They met with members of the Public Integrity Unit and asked to see other video evidence LMPD had, such as surveillance footage from Kroger, that allegedly showed Gazaway firing at officers.

“There are TV screens in the room, so we said, ‘Okay, can we just see what happened? … Let’s just watch it with you. And they said that we would be able to do that after the investigation was finalized,” Gazaway Bell said.

Months went by with no answers. In December, the family hired attorney Laura Landenwich to try to obtain information about the investigation and prepare for a possible civil rights lawsuit. But they only have a year after the shooting to do so. 

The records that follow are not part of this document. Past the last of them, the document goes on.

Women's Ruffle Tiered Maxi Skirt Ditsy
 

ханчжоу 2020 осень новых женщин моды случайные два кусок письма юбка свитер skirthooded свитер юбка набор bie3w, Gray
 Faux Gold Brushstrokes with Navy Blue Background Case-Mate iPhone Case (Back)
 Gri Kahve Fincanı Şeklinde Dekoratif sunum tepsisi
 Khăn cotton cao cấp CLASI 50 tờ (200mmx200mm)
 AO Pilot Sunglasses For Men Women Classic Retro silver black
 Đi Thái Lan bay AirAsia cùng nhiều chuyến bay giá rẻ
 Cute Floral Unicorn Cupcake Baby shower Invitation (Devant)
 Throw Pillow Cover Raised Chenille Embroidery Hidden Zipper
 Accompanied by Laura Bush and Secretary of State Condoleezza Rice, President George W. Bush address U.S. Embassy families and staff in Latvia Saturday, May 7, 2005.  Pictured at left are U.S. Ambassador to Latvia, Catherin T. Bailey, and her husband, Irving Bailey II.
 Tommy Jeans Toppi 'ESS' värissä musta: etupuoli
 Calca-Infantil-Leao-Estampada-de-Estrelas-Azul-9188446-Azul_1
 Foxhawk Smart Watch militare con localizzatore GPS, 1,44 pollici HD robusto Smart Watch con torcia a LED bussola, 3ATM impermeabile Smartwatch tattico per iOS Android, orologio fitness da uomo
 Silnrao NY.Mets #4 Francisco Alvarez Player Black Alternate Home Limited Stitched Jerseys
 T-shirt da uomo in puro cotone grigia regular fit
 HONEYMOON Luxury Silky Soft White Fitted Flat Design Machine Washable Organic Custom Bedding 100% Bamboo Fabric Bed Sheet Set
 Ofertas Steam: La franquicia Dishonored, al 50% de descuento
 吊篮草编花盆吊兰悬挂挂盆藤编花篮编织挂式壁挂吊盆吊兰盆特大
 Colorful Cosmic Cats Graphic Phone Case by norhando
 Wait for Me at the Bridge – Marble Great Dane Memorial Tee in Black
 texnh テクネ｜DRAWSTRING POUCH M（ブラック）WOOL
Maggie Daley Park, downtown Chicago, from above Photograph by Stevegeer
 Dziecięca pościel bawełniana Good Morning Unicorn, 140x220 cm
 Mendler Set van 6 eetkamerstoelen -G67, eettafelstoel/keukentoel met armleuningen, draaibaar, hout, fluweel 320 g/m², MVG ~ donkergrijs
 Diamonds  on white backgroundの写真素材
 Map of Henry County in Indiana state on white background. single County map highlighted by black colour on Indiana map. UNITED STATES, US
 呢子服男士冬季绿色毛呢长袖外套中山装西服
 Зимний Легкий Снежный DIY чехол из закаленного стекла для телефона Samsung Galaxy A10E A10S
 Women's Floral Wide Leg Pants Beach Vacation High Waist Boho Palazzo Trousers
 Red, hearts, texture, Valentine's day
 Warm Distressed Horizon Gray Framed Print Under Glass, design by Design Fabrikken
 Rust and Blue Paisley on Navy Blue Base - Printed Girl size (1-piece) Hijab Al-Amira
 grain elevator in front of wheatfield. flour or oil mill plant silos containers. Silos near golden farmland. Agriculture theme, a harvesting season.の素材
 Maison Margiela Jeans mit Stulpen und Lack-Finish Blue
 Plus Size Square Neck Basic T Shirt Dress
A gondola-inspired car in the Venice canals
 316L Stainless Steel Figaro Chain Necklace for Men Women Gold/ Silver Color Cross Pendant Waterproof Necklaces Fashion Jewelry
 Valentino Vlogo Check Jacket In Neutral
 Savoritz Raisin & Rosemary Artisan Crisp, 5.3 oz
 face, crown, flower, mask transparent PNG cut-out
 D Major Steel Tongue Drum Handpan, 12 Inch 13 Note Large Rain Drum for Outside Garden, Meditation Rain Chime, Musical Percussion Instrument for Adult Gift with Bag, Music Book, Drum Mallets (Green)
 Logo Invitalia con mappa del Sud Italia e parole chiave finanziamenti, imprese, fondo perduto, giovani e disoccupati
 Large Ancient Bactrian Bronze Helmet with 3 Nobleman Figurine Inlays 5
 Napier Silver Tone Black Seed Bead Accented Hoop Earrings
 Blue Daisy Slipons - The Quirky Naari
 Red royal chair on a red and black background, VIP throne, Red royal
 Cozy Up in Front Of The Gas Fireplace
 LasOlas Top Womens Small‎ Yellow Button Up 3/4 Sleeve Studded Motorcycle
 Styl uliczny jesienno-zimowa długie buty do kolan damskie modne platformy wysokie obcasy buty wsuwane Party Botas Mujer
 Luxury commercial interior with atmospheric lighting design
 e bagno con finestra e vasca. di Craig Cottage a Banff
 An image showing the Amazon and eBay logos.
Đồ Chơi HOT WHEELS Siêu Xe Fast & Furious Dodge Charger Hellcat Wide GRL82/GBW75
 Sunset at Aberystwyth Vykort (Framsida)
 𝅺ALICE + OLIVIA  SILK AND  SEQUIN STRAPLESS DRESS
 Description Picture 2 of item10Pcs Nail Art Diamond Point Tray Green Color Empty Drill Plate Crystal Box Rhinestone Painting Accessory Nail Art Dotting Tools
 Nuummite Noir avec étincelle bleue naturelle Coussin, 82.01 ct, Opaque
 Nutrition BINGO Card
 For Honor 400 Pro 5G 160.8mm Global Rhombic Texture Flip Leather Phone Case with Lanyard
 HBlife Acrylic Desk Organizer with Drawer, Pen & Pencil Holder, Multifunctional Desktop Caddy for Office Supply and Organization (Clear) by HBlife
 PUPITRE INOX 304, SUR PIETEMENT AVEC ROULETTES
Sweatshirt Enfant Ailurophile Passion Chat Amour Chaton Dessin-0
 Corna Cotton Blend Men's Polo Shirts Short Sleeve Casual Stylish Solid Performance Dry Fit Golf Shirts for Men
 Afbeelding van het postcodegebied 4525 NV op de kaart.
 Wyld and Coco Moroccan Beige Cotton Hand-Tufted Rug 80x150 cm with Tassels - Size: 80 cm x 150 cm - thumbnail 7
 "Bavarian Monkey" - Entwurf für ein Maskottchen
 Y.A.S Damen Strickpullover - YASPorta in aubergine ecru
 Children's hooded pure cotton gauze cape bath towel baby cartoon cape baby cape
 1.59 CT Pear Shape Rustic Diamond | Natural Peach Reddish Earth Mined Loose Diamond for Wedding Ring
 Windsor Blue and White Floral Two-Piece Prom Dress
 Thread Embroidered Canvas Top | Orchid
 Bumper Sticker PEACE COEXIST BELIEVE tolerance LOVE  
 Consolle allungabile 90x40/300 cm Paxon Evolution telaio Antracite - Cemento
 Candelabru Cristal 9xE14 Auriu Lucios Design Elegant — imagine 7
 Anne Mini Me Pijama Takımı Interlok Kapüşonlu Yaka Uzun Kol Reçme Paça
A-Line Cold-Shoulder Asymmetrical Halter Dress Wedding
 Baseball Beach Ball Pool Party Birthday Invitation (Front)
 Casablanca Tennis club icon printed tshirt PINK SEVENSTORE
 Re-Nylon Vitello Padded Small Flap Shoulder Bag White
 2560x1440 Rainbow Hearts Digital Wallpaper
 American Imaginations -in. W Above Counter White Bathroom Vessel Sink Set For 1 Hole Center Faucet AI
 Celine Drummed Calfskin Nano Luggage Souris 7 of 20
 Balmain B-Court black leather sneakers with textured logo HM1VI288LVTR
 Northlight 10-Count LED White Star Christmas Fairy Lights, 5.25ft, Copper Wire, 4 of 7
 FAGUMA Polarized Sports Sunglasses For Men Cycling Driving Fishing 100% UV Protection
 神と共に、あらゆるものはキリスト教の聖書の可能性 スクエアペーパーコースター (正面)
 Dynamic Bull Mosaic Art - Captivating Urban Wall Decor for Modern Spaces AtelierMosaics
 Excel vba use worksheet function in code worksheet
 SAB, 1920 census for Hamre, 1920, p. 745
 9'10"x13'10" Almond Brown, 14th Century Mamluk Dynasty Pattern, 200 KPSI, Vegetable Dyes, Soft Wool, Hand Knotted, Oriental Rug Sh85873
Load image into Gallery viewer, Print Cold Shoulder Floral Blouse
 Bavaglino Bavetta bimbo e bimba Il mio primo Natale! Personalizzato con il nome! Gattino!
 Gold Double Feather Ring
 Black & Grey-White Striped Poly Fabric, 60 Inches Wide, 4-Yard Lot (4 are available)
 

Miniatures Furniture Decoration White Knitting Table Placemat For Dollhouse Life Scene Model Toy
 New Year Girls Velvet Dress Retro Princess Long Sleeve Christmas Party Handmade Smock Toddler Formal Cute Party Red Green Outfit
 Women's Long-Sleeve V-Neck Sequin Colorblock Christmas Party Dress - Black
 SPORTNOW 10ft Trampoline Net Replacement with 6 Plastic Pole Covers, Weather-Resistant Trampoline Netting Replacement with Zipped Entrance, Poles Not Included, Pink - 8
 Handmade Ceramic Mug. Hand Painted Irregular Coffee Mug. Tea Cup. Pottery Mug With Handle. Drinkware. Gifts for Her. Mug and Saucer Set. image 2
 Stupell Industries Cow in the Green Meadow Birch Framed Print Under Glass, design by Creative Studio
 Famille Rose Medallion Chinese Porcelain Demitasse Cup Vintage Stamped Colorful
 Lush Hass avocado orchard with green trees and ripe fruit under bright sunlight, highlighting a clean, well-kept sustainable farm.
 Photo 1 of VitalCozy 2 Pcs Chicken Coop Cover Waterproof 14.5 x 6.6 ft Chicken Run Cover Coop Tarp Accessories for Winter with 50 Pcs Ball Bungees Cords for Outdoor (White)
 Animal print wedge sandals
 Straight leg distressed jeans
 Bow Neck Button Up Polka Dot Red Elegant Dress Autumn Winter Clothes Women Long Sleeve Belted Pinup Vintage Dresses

Landenwich’s subpoenas and open records requests seeking forensic reports, witness statements and the rest of the footage from the investigation have all been denied because of the open PIU investigation. The family and Landenwich say they believe the department is using the open PIU case as a way to run out the clock.

The family sued LMPD on June 25 in an attempt to compel the department to release those records. Landenwich said in the suit that LMPD failed to offer meaningful explanation of how the disclosure of the document could cause harm to an ongoing investigation in some “significant and concrete way,” as the law requires.

“There cannot be accountability without transparency. And there can’t be transparency until Louisville Metro Police Department starts complying with open records laws and telling families what has happened to their loved ones,” Landenwich said. “Regardless of what the facts are, we just want to know.”

More than seven months after the shooting, LMPD still has Stephenson Carter’s car, which Gazaway drove to the Kroger. They told her they couldn’t return it until after the investigation was closed.

Return To Duty

Although the case is still under review by the commonwealth’s attorney, both officers involved completed a “return to duty qualification firearm training” on January 29, almost three months after the shooting, according to LMPD personnel files. It’s clear Norton returned to duty, since he was involved in the June shooting, but LMPD didn’t respond to questions about when he returned to duty, or whether Dugan is also back on patrol.

The day before that training session, each received a letter of commendation for their actions the night of the fatal shooting. The letter says they responded to a shooter firing “indiscriminately” in the Kroger. The commendation letter also informs the officers they have been nominated for the Medal of Honor.

“You are to be praised and recognized for your exceptional bravery,” the commendation letter reads. “You placed your own lives at risk of serious physical injury or death confronting the shooter and engaging in a deadly fire fight when the shooter began to fire his weapon at you.” 

The nomination form also notes that video of the incident is “locked due to a PIU investigation.”

To Stephenson Carter, the fact that the department awarded the officers a commendation letter before closing her son’s case and letting her family know more about what happened that night is like rubbing salt in her wounds.

J. Tyler Franklin

Semone Stephenson Carter

“Why can’t we have closure? Why can’t we just call it what it is?” Stephenson Carter said. “If you’re wrong, man up. Accept the fact that you’re wrong. If we’re right, give us that peace… Prove it to me that Shelby did anything wrong other than to protect himself and get out of harm’s way.”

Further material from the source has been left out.